When OBS Ingest Is the Right Choice
If you already produce events in OBS, vMix, or hardware encoders, InterScribe can ingest your feed through RTMP, SRT, or WHIP and generate live captions and translations for your audience.
This model is ideal for centralized broadcast workflows and remote audiences. It is usually not the first choice for in-room low-latency interpretation because protocol buffering introduces delay.
Choose the Right Protocol
From InterScribe protocol guidance:
- RTMP: easiest compatibility, typically 5-10s latency.
- SRT: usually lower latency than RTMP (often 2-5s), stronger on unstable networks.
- WHIP: modern low-latency path (around ~1s in favorable conditions), tool support still maturing.
Choose based on compatibility first, then latency budget.
Step-by-Step Setup
1. Create or open your target session
In the InterScribe dashboard, open the session that will receive encoder audio.
2. Assign an AV Channel to the session
Under audio configuration, set the AV Channel this ingress will feed.
3. Create an ingress endpoint
Go to A/V Inputs → Ingresses and create a new ingress tied to the same AV Channel. Select RTMP, SRT, or WHIP.
4. Copy endpoint credentials
Capture stream URL, stream key, or protocol endpoint details exactly as shown.
5. Configure OBS output
In OBS output settings:
- Set service/custom server to provided endpoint.
- Paste stream key if protocol requires it.
- Route the correct audio source (clean speech feed preferred).
6. Validate your audio source strategy
Do not send a loud music-heavy mix when speech intelligibility is your goal. Prioritize podium/host microphones and clear voice channels.
7. Start stream and monitor in InterScribe
Once OBS starts, confirm that InterScribe receives signal on the assigned channel and captions begin flowing.
8. Validate attendee-facing outputs
From a second device, join as attendee and verify caption language switching and readability.
9. Monitor latency expectations live
Set moderator expectations based on protocol.
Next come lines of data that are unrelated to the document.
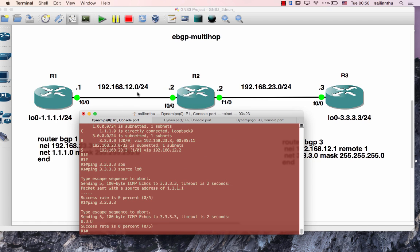To summarize: eBGP multi-hop allows BGP sessions between non-directly connected neighbors by increasing the TTL beyond 1. Without a non-BGP route in place, the eBGP multi-hop neighbor cannot be established. This scenario demonstrates how eBGP multi-hop works and its dependency on proper routing. See you in the next tutorial.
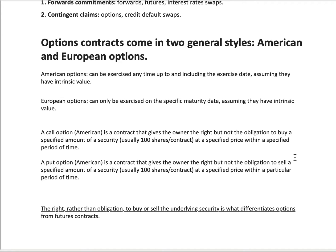For a put option — once again, an American-style one — it's a contract that gives the owner the right but not the obligation to sell. Note the difference: it's to sell here. So it gives the right but not the obligation to sell a specified amount of security at a specified price within a particular period of time.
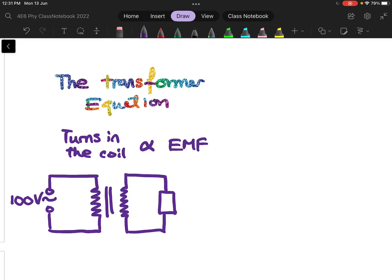Hello everyone, this is Mr. Choi, and in this video I will be introducing the transformer equation to you, and I will be sharing with you some of its applications as well.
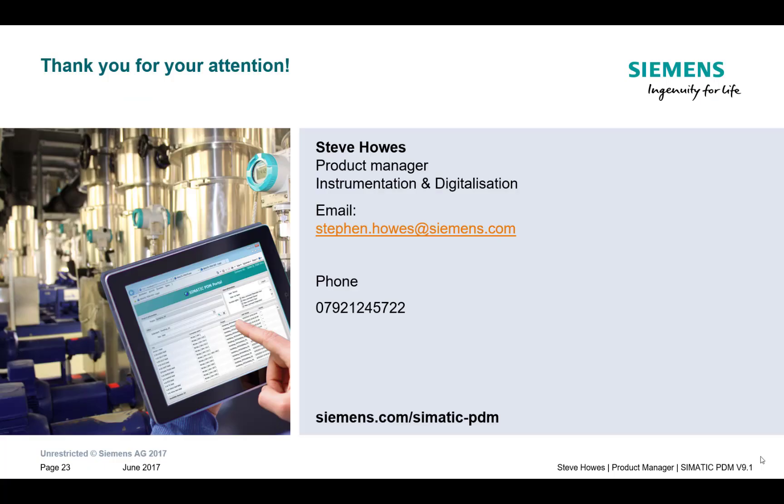So that concludes the look at the PDM extended license. As you can see, it's a really powerful option to add to your basic or service licenses, giving you some really good functionality for those larger projects. So I hope it was useful. On the next blog, we're going to be looking at the PDM server and client licenses.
If using RTMP, communicate that caption and translation display will reflect normal broadcast delay.
10. Capture final settings for reuse
Save OBS scene profile, routing notes, and endpoint mappings for faster recurring setup.
Production Best Practices
- Keep encoder machines on stable wired internet when possible.
- Avoid unnecessary transcode layers before InterScribe ingest.
- Label channels with source intent (for example: "Main Stage Clean Feed").
- Rehearse with real speaking pace, not only test tones.
Troubleshooting Matrix
| Symptom | Likely root cause | Fix |
|---|---|---|
| No captions despite active stream | Wrong channel binding | Confirm ingress and session use same AV Channel |
| Audio sounds distorted in captions | Gain staging or clipping | Lower input gain, validate clean source before encoder |
| Delay is too high for use case | Protocol mismatch | Move from RTMP to SRT/WHIP, or use Desktop/Web Agent for lower latency |
| Intermittent drops | Network instability | Prefer wired uplink, reduce encoder stress, monitor packet behavior |
Latency Decision Framework
Use this simple decision rule:
- Need near real-time in-room language access: use Desktop Agent/Web Agent first.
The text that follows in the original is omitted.